I have thought about talking to the principal, or the counselor at their school about educating parents about child sexual abuse. Educating them that these things do happen, and they can happen to any child. Help them learn that the victims are just that, and even though the possibility of that cylce continuing is there, that we have the chance to break that cycle, and treating the vicitims like they did something wrong by shunning them and treating them differently than a child who has not been sexually abused is not what they should do.

There are no support groups in my area for parents of sexually abused children, or for the children themselves. I have thought about starting one, as I know there are other parents out there, and other children who have been hurt. I just think most parents are afraid to tell anyone. Feeling ashamed is a natural, normal feeling, of course. But ignoring the problem doesn't help one heal from that hurt. I don't know how to begin such a support group. If anyone has any ideas, please let me know.
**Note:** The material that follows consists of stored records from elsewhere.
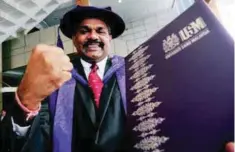  ?? BERNAMAPIX ?? ... Assistant director of the Narcotics Criminal Investigat­ion Department (Zone 1) ACP S. Batumalai showing his doctorate certificat­e he received from Universiti Sains Malaysia Chancellor Tuanku Syed Sirajuddin Jamalullai­l at the university’s 54th...
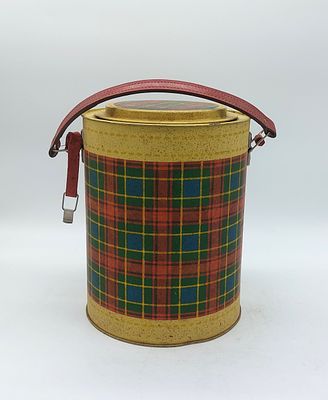 Vintage Lusotermos Frigo Thermos
. Cylindrical body with lid and red leather handle. Metallic 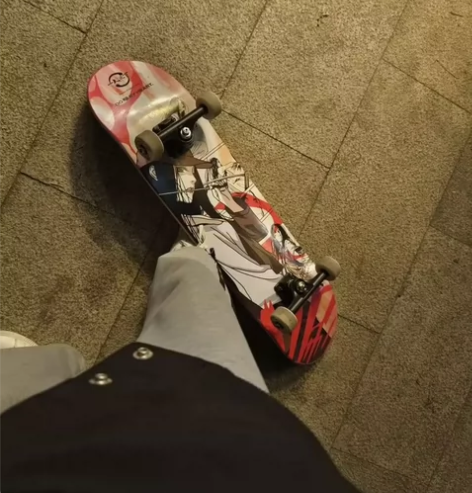 DBH滑板初学者男女成人专业双翘板腾讯动漫...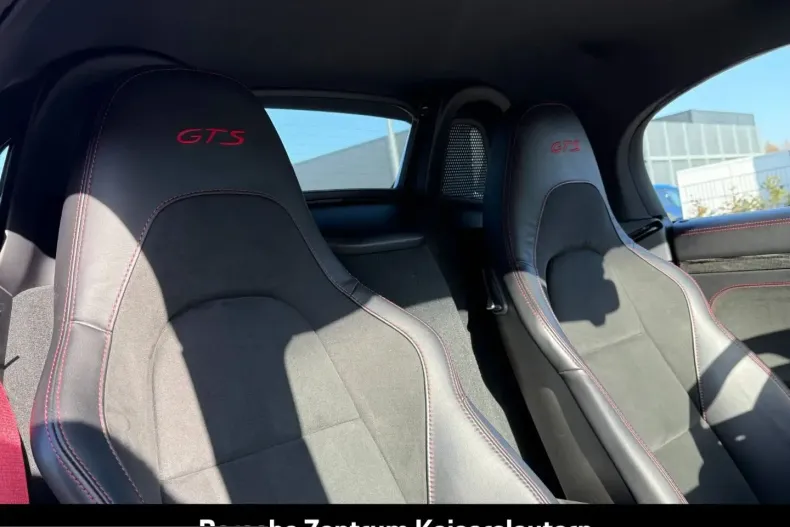 Porsche Boxster din 2024 cu 15.800 km - oferta POR205500 - foto 34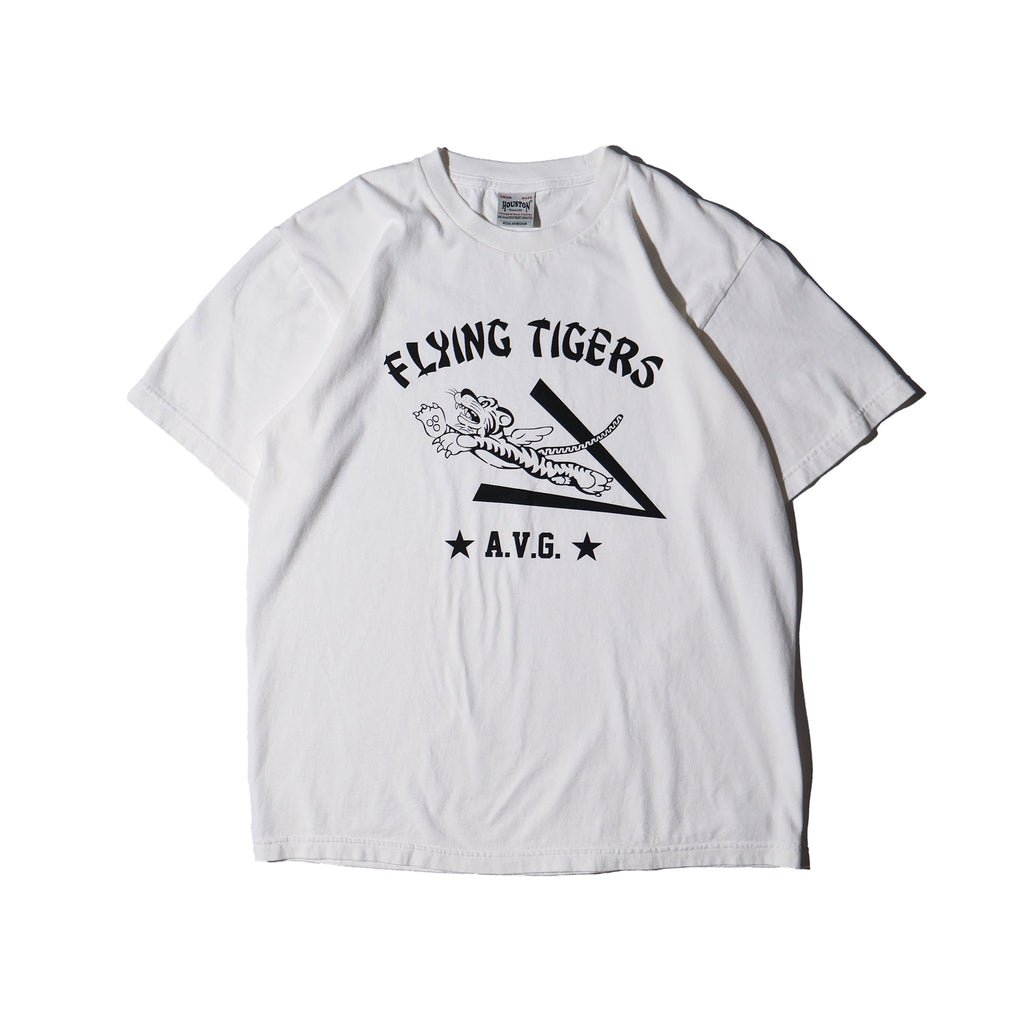 HOUSTON / 22440 PIGMENT PRINT TEE (FLYING TIGER) - TRUTH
Talking about what happened to my children used to be very painful, indeed. As time has passed, it has become easier. From day one, however, even though it was very painful, I never thought twice about talking about it, trying to educate parents. It seems the more I talk about it, the more I heal. I was sexually abused as a small child. I know how difficult it is to have to live with someone violating you and stealing your innocence. I always said I would never allow that to happen to my children. But I couldn't stop it. I think this helped tear me up inside when it happened. I know it did have a huge imact upon my addiction. Those pills numbed me up enough that I could get through it and be there to help them. I know there is never an excuse to use, but I will say, I think when this happened to my children, if I had not used and numbed my feelings, I don't know how I would have gotten through it, especially without hurting someone. I didn't have much support from others. Everyone just said to act like it never happened, they will forget. But children don't forget something like that. I know from experience. I was about the age of 3 when it happened to me.

Anyway, I figure there's a chance I'm the only parent here with children who have been sexually abused. However, all parents can give me their opinion on how they would handle hearing that their child's friend is a victim of such abuse, how they would feel about the child coming over and having a sleep over. Would it be overwhelming? would you be okay with it? Would you not want your child being friends with the child who was abused? Would you blame the parent for what happened to the child? I'm sure I have other questions, but can't think of them at the moment. Also, if anyone has questions relating to what happened to my children, or anything, please ask. I will answer honestly and your questions will not offend me. I think this is a topic that should be discussed by every parent.


Thank you for reading this, I appreciate it.